Het ter beschikking stellen van de bedrijfsbus
Hoewel uit het dossier blijkt dat ten behoeve van de opbouw van de laboratoria gebruik is gemaakt van de bedrijfsbus van verdachte, kan niet worden vastgesteld dat de verdachte deze aan de daders ter beschikking heeft gesteld. De verdachte heeft dit immers ontkend en er is ook geen andere bewijsmiddel op grond waarvan dit kan worden vastgesteld. De enige aanwijzing hiervoor is in feite slechts het daadwerkelijke gebruik van verdachtes bedrijfsbus door anderen. Uit de verklaringen van de verdachte en getuige [medeverdachte 5] blijkt evenwel dat de voertuigen van verdachtes bedrijf onafgesloten en met de sleutel in het contact of achter de zonneklep op het terrein stonden, hetgeen meebrengt dat anderen hiervan eenvoudig en ongevraagd gebruik hebben kunnen maken. De rechtbank heeft geen goede reden om aan deze verklaringen te twijfelen.
Gelet op het vorenstaande acht de rechtbank onvoldoende bewijs aanwezig voor de feiten 1 en 2 onder parketnummer 03/700464-15. Zij zal de verdachte hiervan vrijspreken.
4.3.2De feiten 1 en 2 onder parketnummer 03/661033-16
4.3.2.1
De bewijsmiddelen
Op 30 december 2015 betraden de verbalisanten [verbalisant 1] , [verbalisant 2] en [verbalisant 3] de woning van [verdachte] (geboren op [geboortegegevens verdachte] ), gelegen aan de [adres 2] te Roermond. [verdachte] was op dat moment in zijn woning aanwezig.
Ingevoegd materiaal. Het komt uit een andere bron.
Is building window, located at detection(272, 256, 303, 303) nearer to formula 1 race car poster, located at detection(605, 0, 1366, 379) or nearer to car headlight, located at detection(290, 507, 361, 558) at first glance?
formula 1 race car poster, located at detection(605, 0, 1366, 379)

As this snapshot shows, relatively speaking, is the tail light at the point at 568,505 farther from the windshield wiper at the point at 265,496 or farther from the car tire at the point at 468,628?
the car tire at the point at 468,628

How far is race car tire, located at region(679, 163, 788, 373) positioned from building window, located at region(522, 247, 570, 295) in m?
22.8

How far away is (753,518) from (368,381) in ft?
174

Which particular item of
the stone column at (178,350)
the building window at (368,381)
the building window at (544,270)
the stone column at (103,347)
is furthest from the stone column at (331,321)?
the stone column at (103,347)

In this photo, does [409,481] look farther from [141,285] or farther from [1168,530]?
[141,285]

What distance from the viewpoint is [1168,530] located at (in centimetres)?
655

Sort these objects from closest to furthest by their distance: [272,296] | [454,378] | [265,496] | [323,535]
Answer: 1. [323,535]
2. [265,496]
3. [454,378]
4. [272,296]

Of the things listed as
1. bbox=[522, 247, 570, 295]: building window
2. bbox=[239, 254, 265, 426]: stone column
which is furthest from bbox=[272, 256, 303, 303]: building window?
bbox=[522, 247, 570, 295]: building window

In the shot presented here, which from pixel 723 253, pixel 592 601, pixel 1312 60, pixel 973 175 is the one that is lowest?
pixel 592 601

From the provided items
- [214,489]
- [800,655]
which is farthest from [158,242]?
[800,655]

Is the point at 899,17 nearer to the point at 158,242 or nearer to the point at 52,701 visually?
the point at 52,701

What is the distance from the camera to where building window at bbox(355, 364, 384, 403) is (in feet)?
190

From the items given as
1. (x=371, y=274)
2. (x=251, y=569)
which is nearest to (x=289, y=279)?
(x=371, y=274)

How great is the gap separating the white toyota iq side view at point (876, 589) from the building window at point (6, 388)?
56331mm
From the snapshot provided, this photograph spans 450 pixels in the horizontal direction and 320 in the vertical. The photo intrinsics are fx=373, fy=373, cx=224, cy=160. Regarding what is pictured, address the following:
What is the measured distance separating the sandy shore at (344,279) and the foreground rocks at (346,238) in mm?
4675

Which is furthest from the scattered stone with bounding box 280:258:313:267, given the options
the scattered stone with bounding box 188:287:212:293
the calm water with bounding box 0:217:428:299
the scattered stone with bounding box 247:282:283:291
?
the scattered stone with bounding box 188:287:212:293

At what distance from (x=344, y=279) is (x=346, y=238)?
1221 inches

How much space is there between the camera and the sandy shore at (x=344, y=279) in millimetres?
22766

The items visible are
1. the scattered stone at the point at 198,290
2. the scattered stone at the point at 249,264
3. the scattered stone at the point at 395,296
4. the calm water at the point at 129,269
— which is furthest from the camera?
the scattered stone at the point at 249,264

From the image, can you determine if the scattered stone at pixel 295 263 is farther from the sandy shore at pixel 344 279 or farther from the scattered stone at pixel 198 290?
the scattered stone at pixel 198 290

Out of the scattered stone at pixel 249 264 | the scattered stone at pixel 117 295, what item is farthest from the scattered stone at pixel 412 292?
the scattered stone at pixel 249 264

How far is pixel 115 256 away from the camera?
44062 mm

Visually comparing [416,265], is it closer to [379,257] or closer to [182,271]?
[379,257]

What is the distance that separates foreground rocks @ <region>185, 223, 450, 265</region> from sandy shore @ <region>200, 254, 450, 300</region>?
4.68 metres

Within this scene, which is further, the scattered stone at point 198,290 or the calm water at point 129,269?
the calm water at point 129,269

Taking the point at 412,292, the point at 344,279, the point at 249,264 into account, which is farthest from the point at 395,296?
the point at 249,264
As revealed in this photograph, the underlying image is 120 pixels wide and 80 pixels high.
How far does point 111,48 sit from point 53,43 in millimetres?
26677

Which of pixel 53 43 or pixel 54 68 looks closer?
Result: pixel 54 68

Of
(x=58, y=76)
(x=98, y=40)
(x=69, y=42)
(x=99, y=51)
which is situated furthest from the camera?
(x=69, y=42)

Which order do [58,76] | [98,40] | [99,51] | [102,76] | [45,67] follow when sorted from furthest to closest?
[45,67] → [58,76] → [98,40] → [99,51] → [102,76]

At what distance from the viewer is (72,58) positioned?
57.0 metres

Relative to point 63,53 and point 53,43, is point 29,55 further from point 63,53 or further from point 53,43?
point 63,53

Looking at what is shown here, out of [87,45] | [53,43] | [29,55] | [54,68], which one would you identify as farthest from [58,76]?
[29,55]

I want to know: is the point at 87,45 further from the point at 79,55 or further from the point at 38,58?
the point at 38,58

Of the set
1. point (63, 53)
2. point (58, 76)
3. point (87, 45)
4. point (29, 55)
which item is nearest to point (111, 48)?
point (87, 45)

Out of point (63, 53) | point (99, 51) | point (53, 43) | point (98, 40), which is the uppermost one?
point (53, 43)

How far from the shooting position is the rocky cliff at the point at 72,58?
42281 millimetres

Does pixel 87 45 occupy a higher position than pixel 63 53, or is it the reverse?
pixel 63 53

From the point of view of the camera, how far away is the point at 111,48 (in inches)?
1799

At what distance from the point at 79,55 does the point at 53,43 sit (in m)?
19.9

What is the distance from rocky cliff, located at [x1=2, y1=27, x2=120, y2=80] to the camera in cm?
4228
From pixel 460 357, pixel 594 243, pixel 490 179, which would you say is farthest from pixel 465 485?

Op de zolder van de woning troffen de verbalisanten aan:
- 45 rekken;
- een koolstoffilter;
- een gedeelte van een afzuiginstallatie.
Op de rekken, die door de verbalisanten werden herkend als droogrekken voor het drogen van henneptoppen, zagen zij een groene aanslag. Verbalisant [verbalisant 1] rook dat deze rekken roken naar hennep.
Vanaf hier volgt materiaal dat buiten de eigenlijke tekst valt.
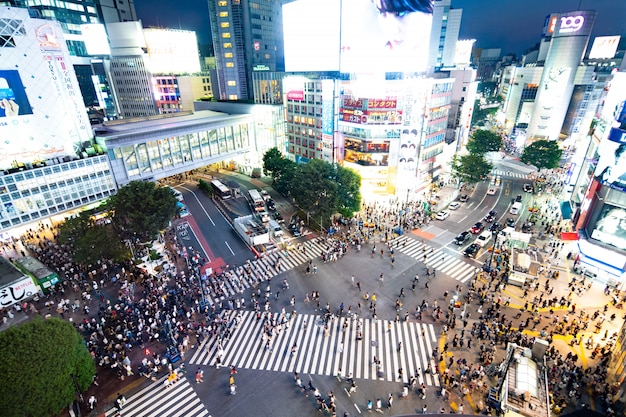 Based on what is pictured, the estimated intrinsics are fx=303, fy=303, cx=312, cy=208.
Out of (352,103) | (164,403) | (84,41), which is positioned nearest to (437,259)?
(352,103)

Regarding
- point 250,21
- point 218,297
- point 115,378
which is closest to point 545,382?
point 218,297

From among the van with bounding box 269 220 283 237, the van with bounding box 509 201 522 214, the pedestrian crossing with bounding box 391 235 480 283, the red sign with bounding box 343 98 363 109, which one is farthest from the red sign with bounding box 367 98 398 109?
the van with bounding box 269 220 283 237

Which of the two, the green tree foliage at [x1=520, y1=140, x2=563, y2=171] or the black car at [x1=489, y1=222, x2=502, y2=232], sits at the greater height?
the green tree foliage at [x1=520, y1=140, x2=563, y2=171]

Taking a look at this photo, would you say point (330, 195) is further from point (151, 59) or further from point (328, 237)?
point (151, 59)

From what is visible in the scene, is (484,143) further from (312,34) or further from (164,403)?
(164,403)

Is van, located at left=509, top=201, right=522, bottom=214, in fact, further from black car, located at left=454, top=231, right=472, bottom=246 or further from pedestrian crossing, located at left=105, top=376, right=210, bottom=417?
pedestrian crossing, located at left=105, top=376, right=210, bottom=417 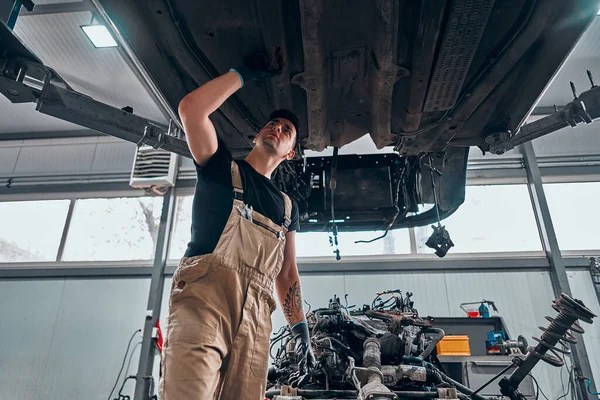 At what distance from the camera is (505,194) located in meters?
5.18

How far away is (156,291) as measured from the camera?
4805 mm

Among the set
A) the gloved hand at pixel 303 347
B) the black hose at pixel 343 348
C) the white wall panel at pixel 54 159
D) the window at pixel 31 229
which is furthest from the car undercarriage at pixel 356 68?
the white wall panel at pixel 54 159

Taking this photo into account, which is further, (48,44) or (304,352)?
(48,44)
In een andere ruimte op de zolder van de woning trof verbalisant [verbalisant 1] een blauwkeurig zeil aan dat was gevuld met groene toppen die hij ambtshalve herkende als henneptoppen. Naast dit zeil stond een geopende weekendtas die eveneens was gevuld met groene toppen, die de verbalisant ambtshalve herkende als henneptoppen. Verbalisant [verbalisant 1] herkende de toppen als henneptoppen aan de kleur, vorm en geur. Deze herkenning geschiedde op grond van zijn kennis en ervaring, opgedaan bij eerdere ontmantelingen van hennepkwekerijen en hennepdrogerijen.
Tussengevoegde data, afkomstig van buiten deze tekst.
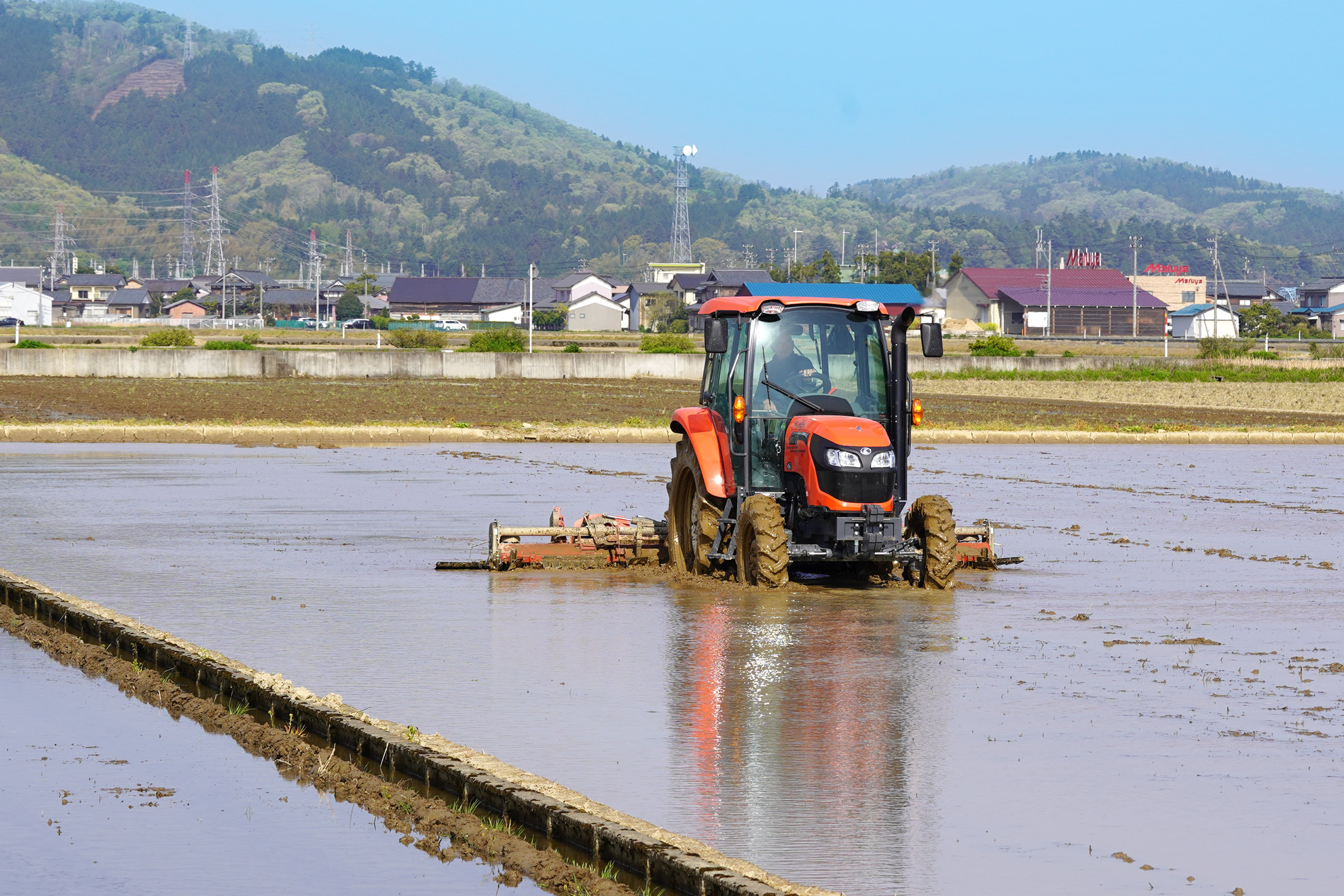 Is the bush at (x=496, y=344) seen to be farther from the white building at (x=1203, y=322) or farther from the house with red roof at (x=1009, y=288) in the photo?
the white building at (x=1203, y=322)

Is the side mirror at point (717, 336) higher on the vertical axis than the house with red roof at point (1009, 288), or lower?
lower

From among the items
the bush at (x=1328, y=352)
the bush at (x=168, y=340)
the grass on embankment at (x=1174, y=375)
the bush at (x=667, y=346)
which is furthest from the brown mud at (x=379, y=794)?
the bush at (x=1328, y=352)

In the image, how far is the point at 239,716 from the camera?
7613 mm

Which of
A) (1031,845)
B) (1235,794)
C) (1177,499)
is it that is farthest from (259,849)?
(1177,499)

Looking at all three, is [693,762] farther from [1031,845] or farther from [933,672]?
[933,672]

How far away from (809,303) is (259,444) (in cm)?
2045

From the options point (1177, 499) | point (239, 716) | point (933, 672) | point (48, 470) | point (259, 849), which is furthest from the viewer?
point (48, 470)

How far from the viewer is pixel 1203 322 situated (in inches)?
4978

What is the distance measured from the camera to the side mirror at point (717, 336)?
11992 millimetres

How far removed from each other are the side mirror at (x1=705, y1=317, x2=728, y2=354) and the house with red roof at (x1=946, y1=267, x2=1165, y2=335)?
109866 mm

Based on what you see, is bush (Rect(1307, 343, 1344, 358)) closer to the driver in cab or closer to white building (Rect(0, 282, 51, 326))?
the driver in cab

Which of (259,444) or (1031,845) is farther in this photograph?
(259,444)

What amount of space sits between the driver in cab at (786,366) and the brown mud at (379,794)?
5.64 meters

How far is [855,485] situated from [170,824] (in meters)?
6.87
De verbalisanten [verbalisant 4] en [verbalisant 5] hebben de hennep gewogen. In totaal betrof het 22 kilo en 520 gram hennep. Ook deze verbalisanten roken de ambtshalve bekende geur van hennep. Zij zagen dat het gedroogde hennep was.
De verdachte heeft verklaard dat hij enig eigenaar is van de woning op het adres [adres 2] te Roermond en dat hij er alleen woont.
4.3.2.2
De bewijsoverwegingen
Op de zolder van de woning van de verdachte werden aangetroffen 45 droogrekken, een koolstoffilter, een gedeelte van een afzuiginstallatie en 22,5 kilo henneptoppen (voor een gedeelte in een zeil, voor een gedeelte in een weekendtas). De verdachte is de enige bewoner van deze woning.
Gelet op het aantreffen van enerzijds de goederen en anderzijds de hennep in verdachtes woning waarvan hij de enige bewoner was, stelt de rechtbank vast dat de verdachte de droogrekken, het koolstoffilter, het gedeelte van de afzuiginstallatie en het zeil voorhanden heeft gehad, terwijl hij wist dat deze goederen bestemd waren voor het opzettelijk bewerken en aanwezig hebben van hennep. Vanwege de hoeveelheid aangetroffen hennep, kan worden gesproken van een grote hoeveelheid. Uit artikel 11, vijfde lid van de Opiumwet in combinatie met artikel 1, tweede lid, van het Opiumwetbesluit blijkt immers dat sprake is van een grote hoeveelheid in geval van een hoeveelheid van meer dan 500 gram hennep.
Overigens wordt elk bewijsmiddel - ook in zijn onderdelen - slechts gebruikt tot bewijs van dat bewezenverklaarde feit, waarop het, blijkens zijn inhoud, betrekking heeft.